I have a photography business that requires alot of storage, and access to it at all times by multiple users. at current standing we are using a DROBO PRO, but this is quite slow and seems to fail quite a bit, we need 3 partitions with a minimum of 3gb in each.
i was thinking of building a server pc with 6 x 3gb drives using raid1 3 times and having the data incrementally backup to the drobo on weekends.
is this possible? or if there is a better idea i really want to hear it. i need to do this asap.
For a cost effective and expandable build, I'd put the dedicated server together, like you said. Here's what I've put together about a week ago: home server: Fractal Design R3 (or XL), a Z77 chipset (Asrock Professional), Enermax PS 750w, 10SATA ports, 6ea 1TB WD Green (RAID 5), a 3TB external USB3.0, a 2tb external eSata. Great read speeds with RAID5, not great write speeds. RAID 5 cause it would be seemless to replace a failed drive, plus you get good read speeds, still need to back up though.
My understanding is that all the HDD must be the same size. Kind of makes sense if you intent to have a "hot standby", you can carry just one popular size like a 1tb or a 2tb. The cool thing with the Z77 chipset is you can also buy a 60GB SSD and accelerate your RAID array, just use (enhanced) not (maximum) option for better security of your files. Also, I guess this goes without saying, buy a good UPS, and setup the software to do a proper shutdown in the event of a power failure.
I also have a RAID 5 Buffalo. I really love the Buffalo TeraStation but it's kinda slow compared to building badass multiuse computer (gaming, work, and file servering all in one).

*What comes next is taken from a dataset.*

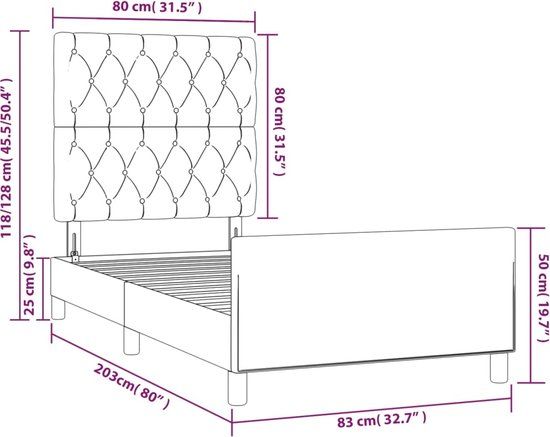 vidaXL Bedframe fluweel donkergrijs 80x200 cm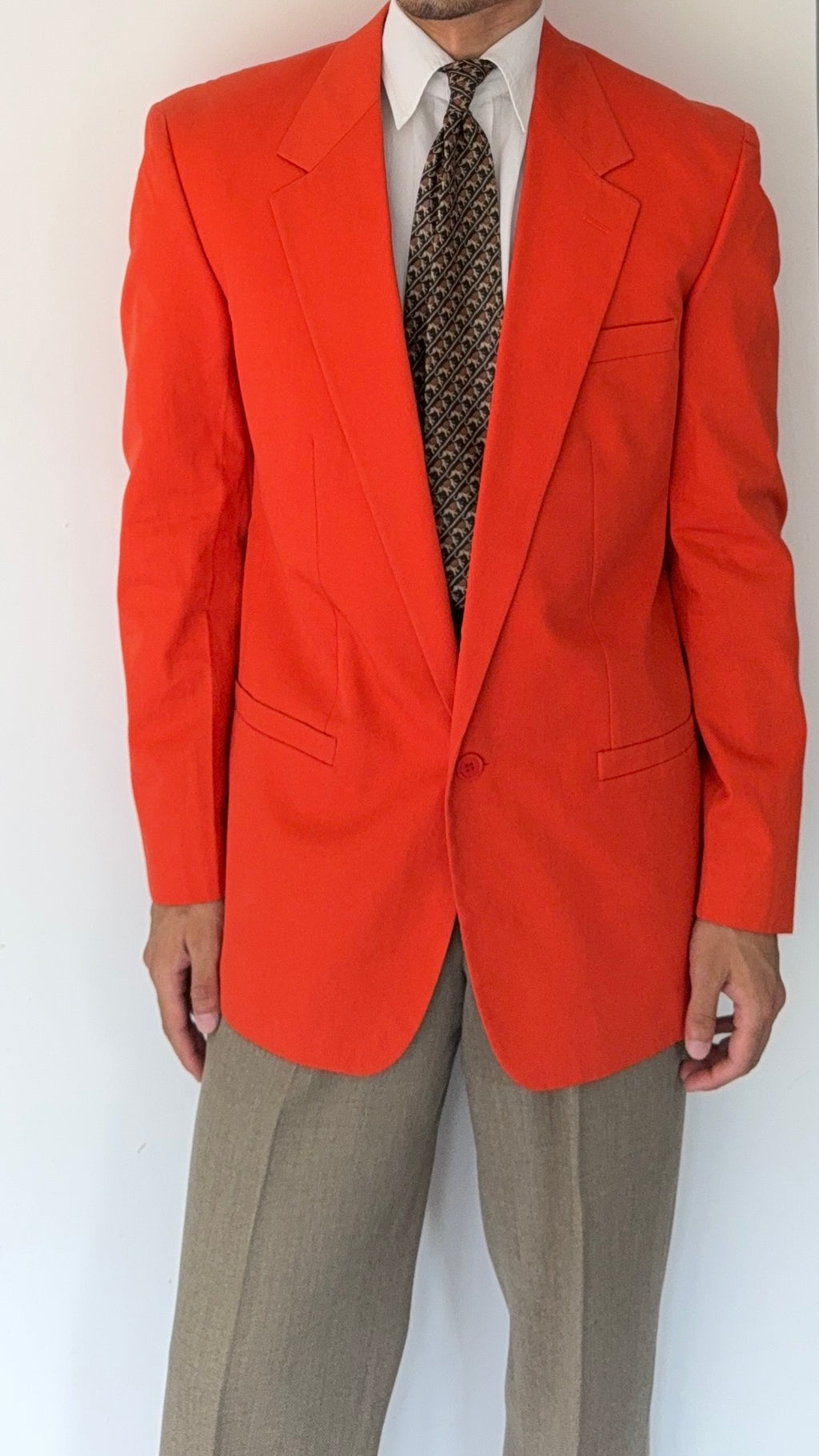 Versace 1980s 1B Orange Cotton Sport Jacket Blazer - Size L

In using different sized drives in a RAID 5 configuration, your finished drive would only be as big as your smallest drive. Example - you have 2 -1TB drives, 2 - 750GB drive and 1 - 500GB drive. Your RAID 5 would only configure as 500GB. The Drobo is configured in such a way as to be able to use different sized drives completely.
I am currently using a FreeNAS setup and would highly recommend it.
Currently running 5x1.5TB HDDs in a RAID-Z configuration so a total of 6TB of storage.
The snapshot features are great for keeping incremental backups and the bandwidth and access times have been great for multiple computers connected to it.
ok so the main issue for me moving forward is that when 4tb drives come out, i am going to want to use them, as by then it may be hard to find 3tb or 2tb drives.. and if one fails i dont want to be stuck looking for the same hdd.
I don't think you'll have any problem finding 2tb drives 5 years from now. Heck, I can find 500mb IDE drives fairly easily if I needed them. At some point your going to upgrade the whole thing anyways. If you want a suggestion to get some HDD space for cheap, go to COSTCO and pickup the 3tb externals for 119.00. Then remove the bare drive and use as an internal. Only caveat is use lose the ability to warranty them, but it's about half the cost of a bare drive, worth the risk in my opinion.
RAID-Z is a proprietary, software implemented raid solution similar to RAID 5. The software is ZFS and it is open sources so there are some very good implementations of it on some free server OS. RAID-Z was created to combat a lot of the downsides to RAID 5; specifically the write hole and the slower write times in general.
Ok so I have come up with a solution that I have implemented.
1. 2x (2 x 3tb) WD green drives running in raid1 (mirrored) allowing for 2 actual partitions with mirroring
2. Using drobo pro as backup so if a set of drives fail at the same time, we are covered.